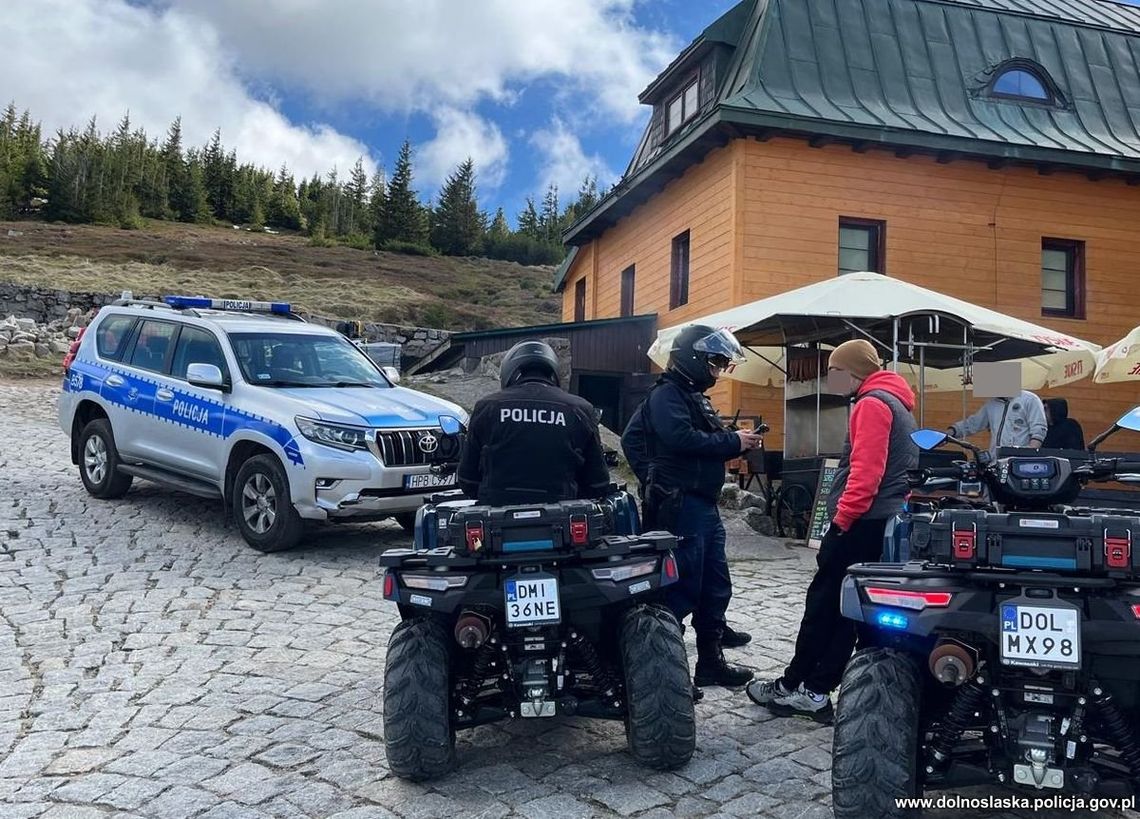 Powiedział, że chce ze sobą skończyć. Znaleźli go w górskim schronisku kilkaset kilometrów od domu Powiedział, że chce ze sobą skończyć. Znaleźli go w górskim schronisku kilkaset kilometrów od domu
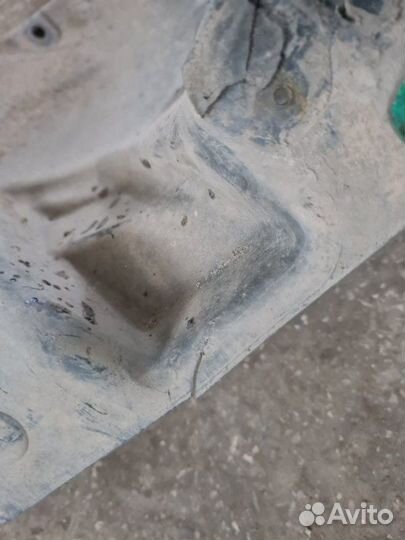 Локер передний правый Renault Fluence седан M4R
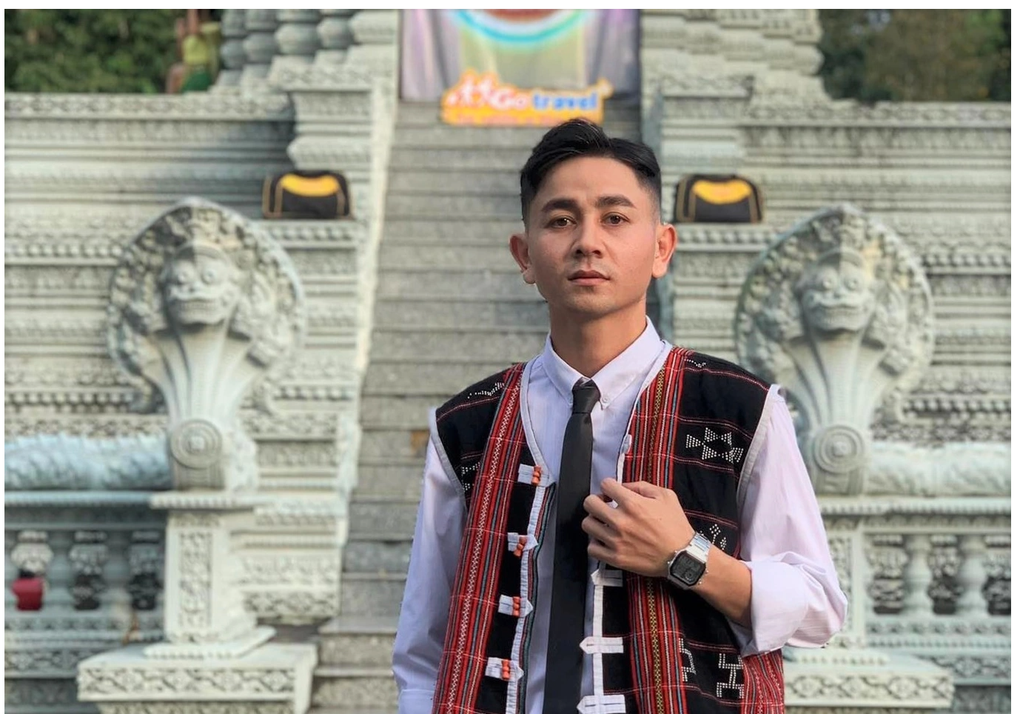 Chàng trai Cơ Tu - Danh Zoram trải lòng về nạn hát chùa - 1 Chàng trai Cơ Tu - Danh Zoram trải lòng về nạn hát chùa - 1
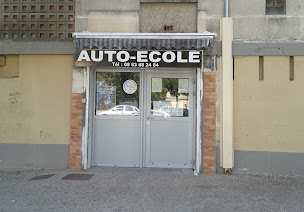Photo n°1 de Auto Ecole Ton Permis Moins Cher à Avignon (Auto-école)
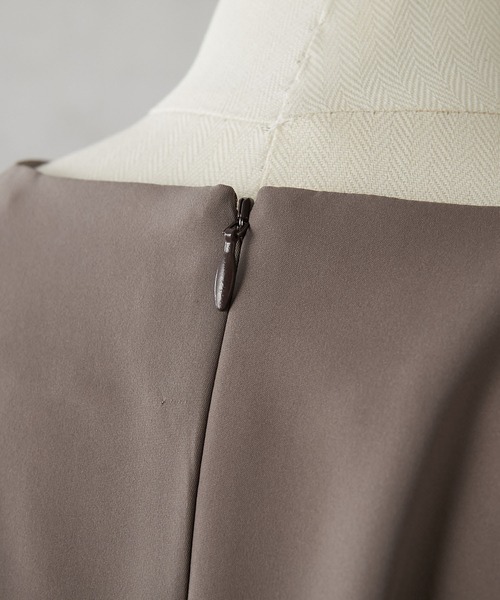 ear PAPILLONNER（イアパピヨネ）の「【SUM1 STYLE（スミ スタイル）】ポケットボタンAライントップス（Tシャツ/カットソー・レディース・グレー/ブラック・FREE）」の13枚目の写真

-- Work required --
Output all the records above again exactly, with the pictures dropped.

-- Written reply --
 Powiedział, że chce ze sobą skończyć. Znaleźli go w górskim schronisku kilkaset kilometrów od domu Powiedział, że chce ze sobą skończyć. Znaleźli go w górskim schronisku kilkaset kilometrów od domu
 Локер передний правый Renault Fluence седан M4R
 Chàng trai Cơ Tu - Danh Zoram trải lòng về nạn hát chùa - 1 Chàng trai Cơ Tu - Danh Zoram trải lòng về nạn hát chùa - 1
Photo n°1 de Auto Ecole Ton Permis Moins Cher à Avignon (Auto-école)
 ear PAPILLONNER（イアパピヨネ）の「【SUM1 STYLE（スミ スタイル）】ポケットボタンAライントップス（Tシャツ/カットソー・レディース・グレー/ブラック・FREE）」の13枚目の写真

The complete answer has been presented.